## WORK INSTRUCTION
Exactly as written, return all the data, leaving its pictures behind.

## GIVEN DATA
◇ ◇ ◇ ◇ ◇ ◇ ◇

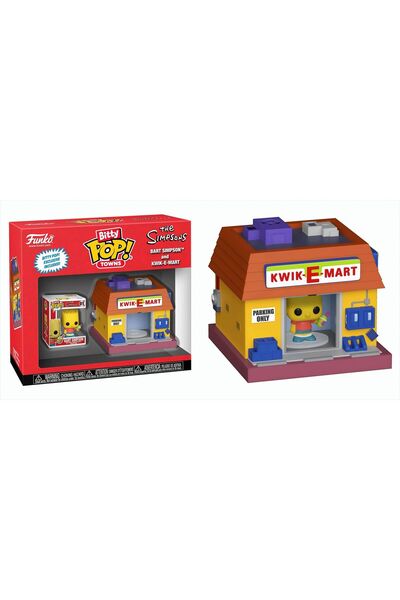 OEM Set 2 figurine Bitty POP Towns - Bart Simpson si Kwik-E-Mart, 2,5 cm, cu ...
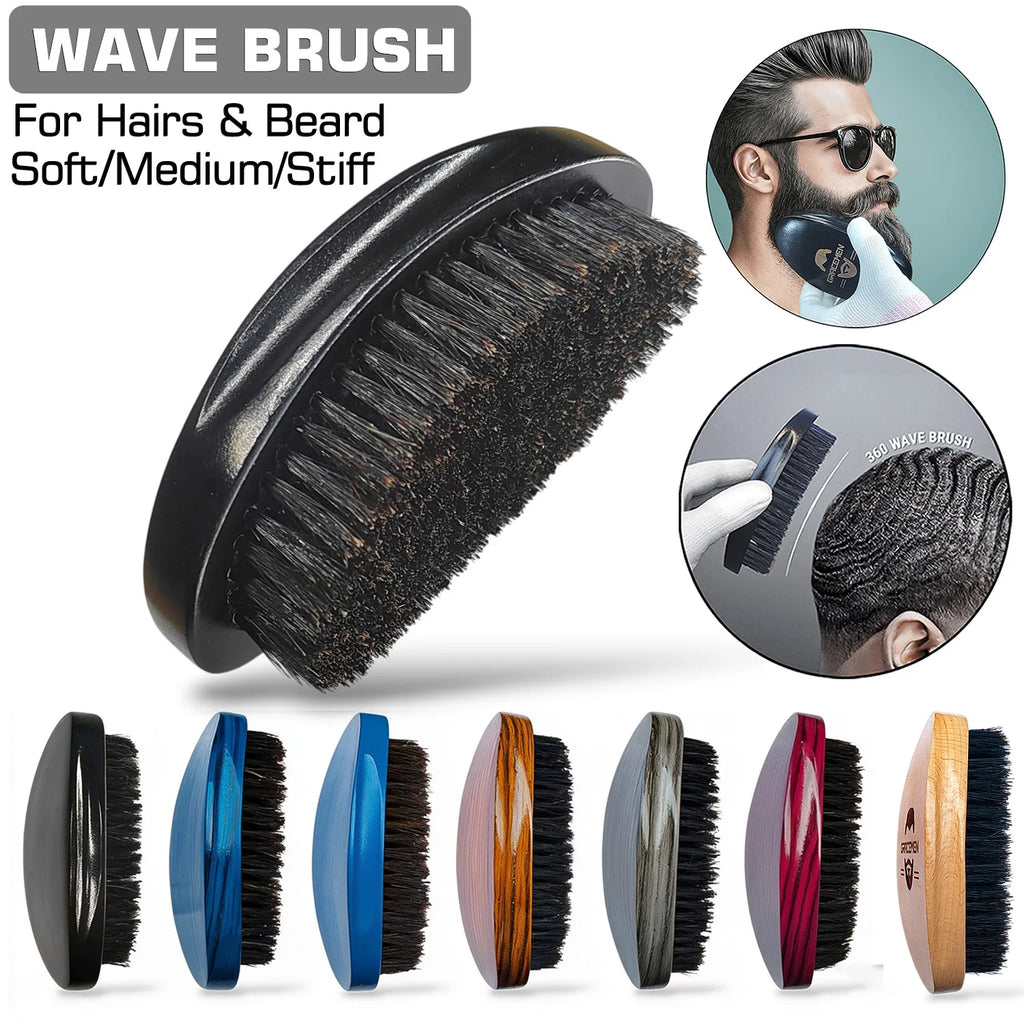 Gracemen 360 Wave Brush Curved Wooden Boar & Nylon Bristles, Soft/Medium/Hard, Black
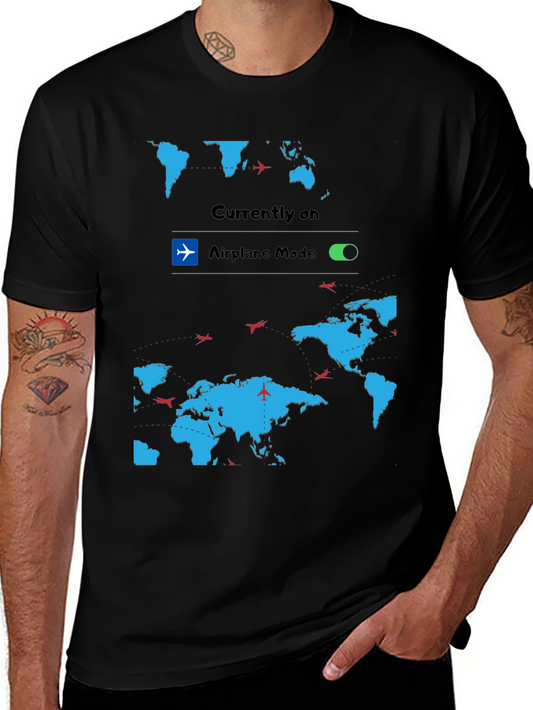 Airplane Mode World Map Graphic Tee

◇ ◇ ◇ ◇ ◇ ◇ ◇

## EXERCISE RESULT
 OEM Set 2 figurine Bitty POP Towns - Bart Simpson si Kwik-E-Mart, 2,5 cm, cu ...
 Gracemen 360 Wave Brush Curved Wooden Boar & Nylon Bristles, Soft/Medium/Hard, Black
 Airplane Mode World Map Graphic Tee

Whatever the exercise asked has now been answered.